▶ AVAILABLE DATA
━━━━━━━━━━━━━━━━━━━━━━━━━━━━━━

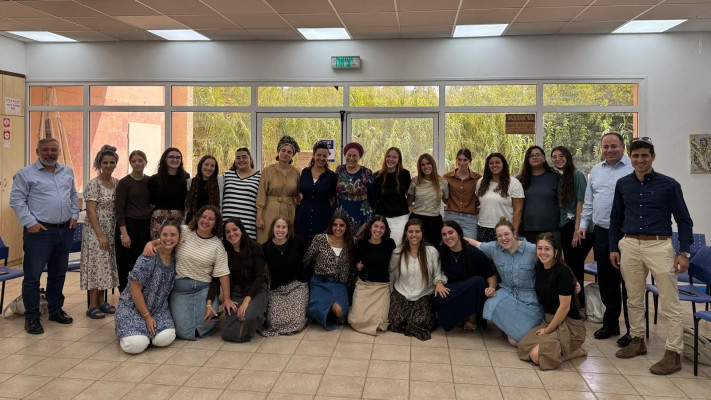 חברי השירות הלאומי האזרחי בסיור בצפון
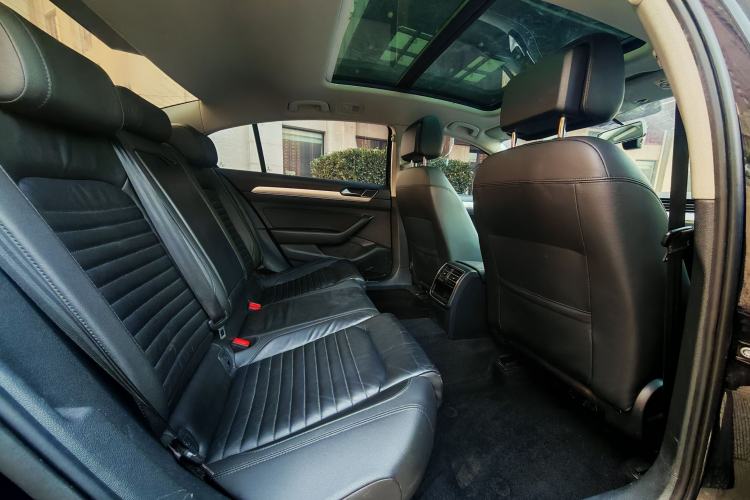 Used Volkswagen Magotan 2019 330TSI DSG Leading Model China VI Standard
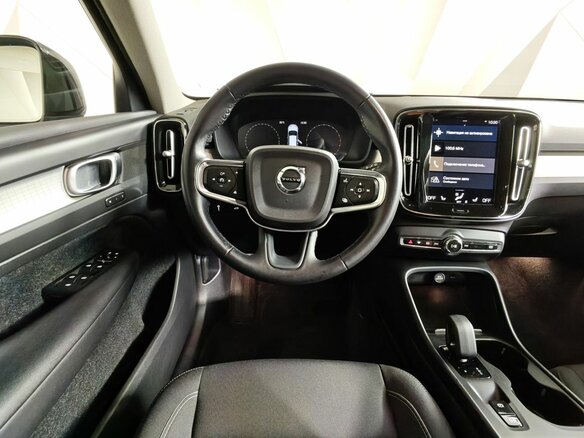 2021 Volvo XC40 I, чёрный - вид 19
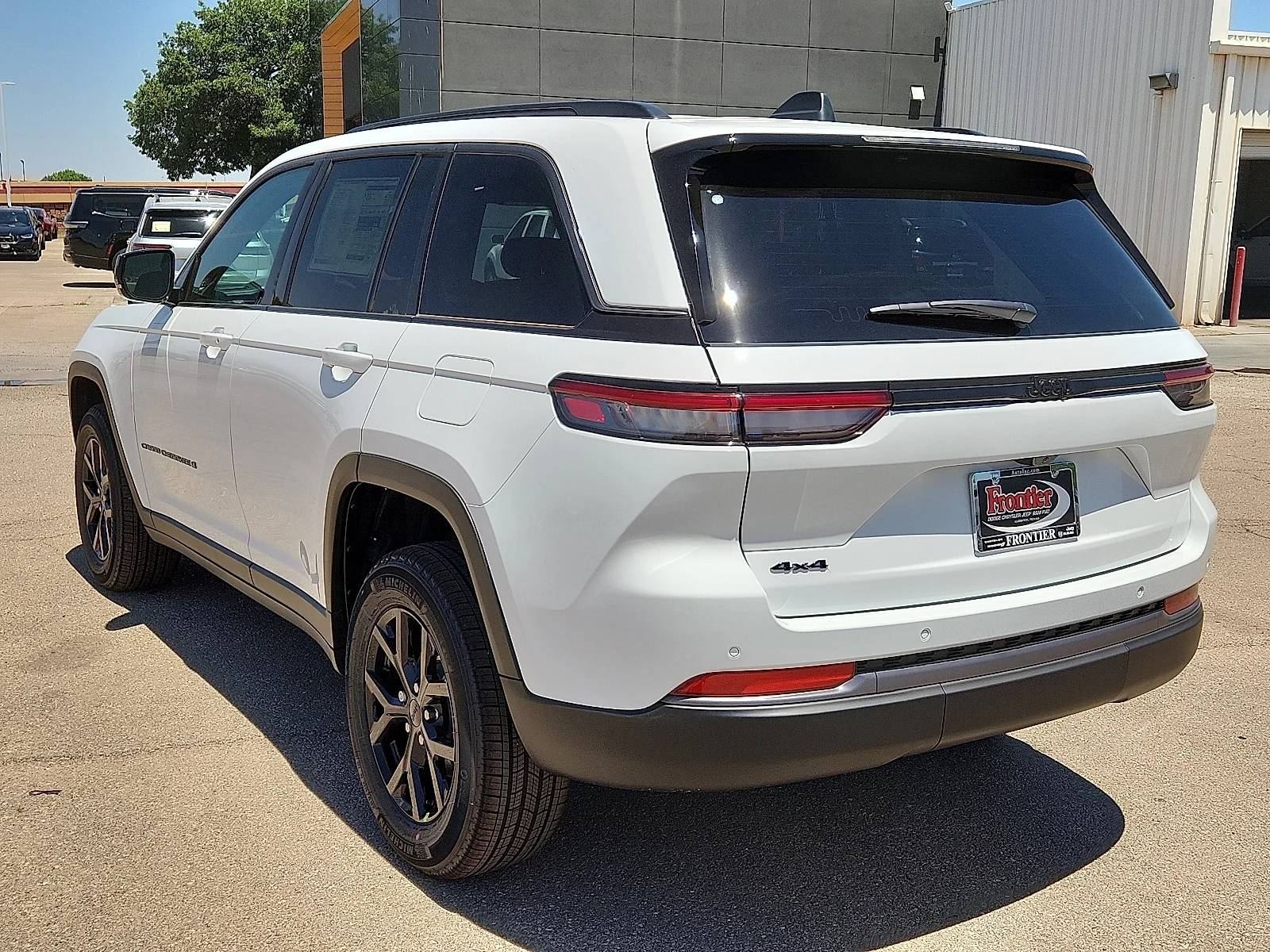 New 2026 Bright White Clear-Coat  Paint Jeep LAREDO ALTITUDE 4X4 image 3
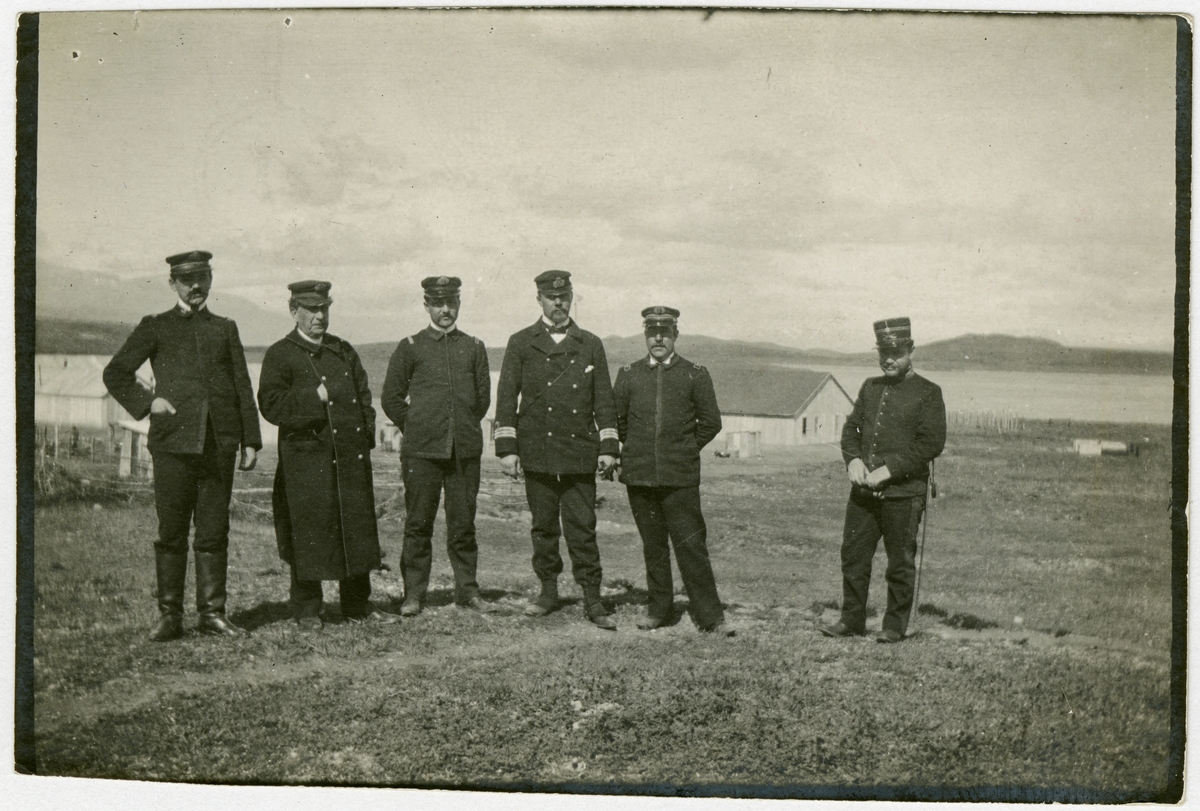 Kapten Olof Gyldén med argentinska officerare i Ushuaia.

━━━━━━━━━━━━━━━━━━━━━━━━━━━━━━

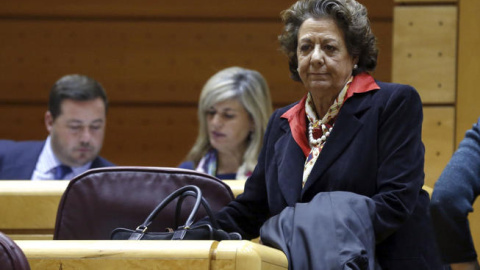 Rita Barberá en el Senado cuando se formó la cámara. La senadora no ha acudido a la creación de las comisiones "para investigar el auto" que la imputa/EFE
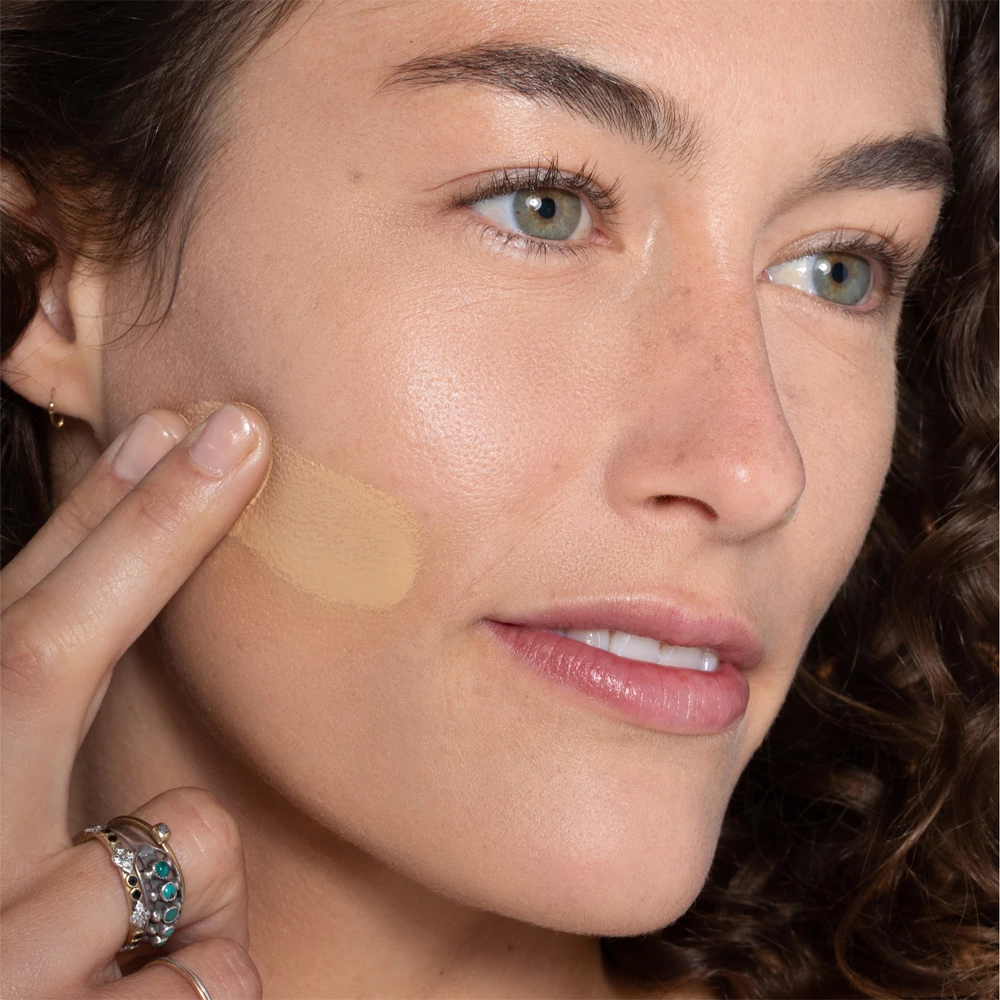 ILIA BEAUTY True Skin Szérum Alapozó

━━━━━━━━━━━━━━━━━━━━━━━━━━━━━━

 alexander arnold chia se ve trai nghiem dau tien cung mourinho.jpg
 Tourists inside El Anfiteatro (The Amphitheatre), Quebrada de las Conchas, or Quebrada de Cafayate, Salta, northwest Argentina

━━━━━━━━━━━━━━━━━━━━━━━━━━━━━━

▶ WHAT IS BEING ASKED
From the records above, copy only the lines running from the line holding "New 2026 Bright" through the line holding "Kapten Olof Gyldén", with no pictures.

▶ EXERCISE SOLUTION
 New 2026 Bright White Clear-Coat  Paint Jeep LAREDO ALTITUDE 4X4 image 3
 Kapten Olof Gyldén med argentinska officerare i Ushuaia.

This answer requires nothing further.